In first in Tunisia’s baccalaureate history, top student exceeds perfect score
TUNIS: Tunisian student Ahmed Kallala has made history in Tunisia by exceeding the perfect score in the baccalaureate exam, obtaining 20.15 out of 20.
Ahmed, a Mathematics student at the Monastir Model High School, obtained near perfect score in all mandatory subjects, but received two bonuses in two other elective subjects that raised his final score to 20.15, Education Minister Mohammed Hamdi said as he announced the results of the exams students take at the end of their high school education.
According to an April 24, 2008 decision, an advanced grade obtained by each student in an elective course is computed, which enabled Ahmed to achieve “this extraordinary and unprecedented score”, he explained.
Ahmed, 19 next month, was also Tunisia’s top laureate in the national ninth grade exams.

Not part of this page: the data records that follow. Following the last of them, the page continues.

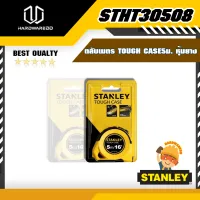 STANLEY STHT30508 ตลับเมตรTOUGH CASE5ม. หุ้มยาง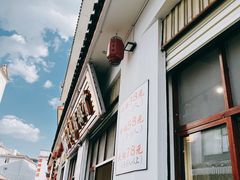 -80红枣鸡腊排骨(总店)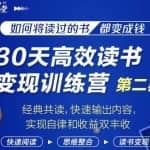 知音课堂·30天高效读书变现训练营第2期，从0基础到月入5000+读书就有钱拿
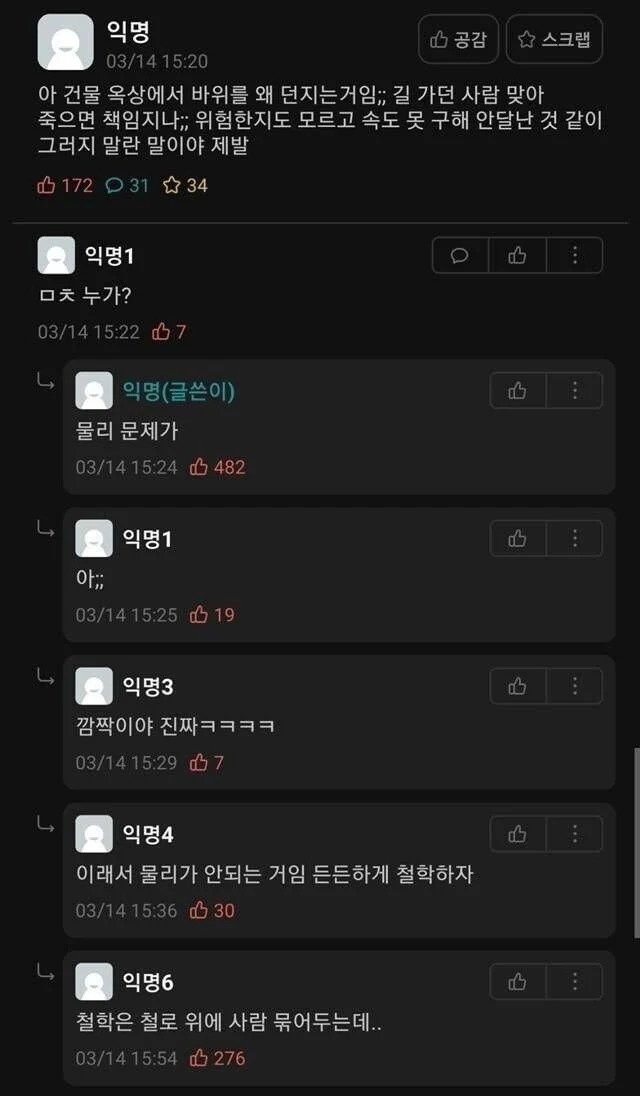 도대체 건물 옥상에서 바위는 왜 던지는거야;; 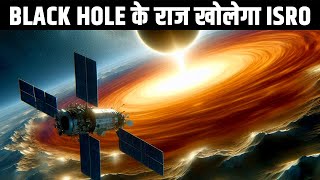 Blackhole के राज खोलेगा ISROISROs XRay Polarimeter Satellite to Unlock Mysteries of Black Holes [upl. by Standish]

His mother is a doctor and his father is a physical education teacher, and the family lives in Monastir, a resort city in the North African country’s east coast.
The baccalaureate exams in Tunisia, launched in May 1957, are taken after 13 years of formal school education, six in the elementary school, three in the middle school and four in the high school, making it among the longest in the world.
The exams, usually taken in June, but delayed this year because the coronavirus forced the closure of schools, are among the most competitive.
With 35,227 out 127,039 students succeeding in the exams, the overall success rate for the July 2020 baccalaureate exams was 27.73%, Hamdi told a media conference
Only 86 home students out of a total of 4,091 passed the exams, he added.
Girls outclassed boys thanks to a success rate of 60% to 39.99%.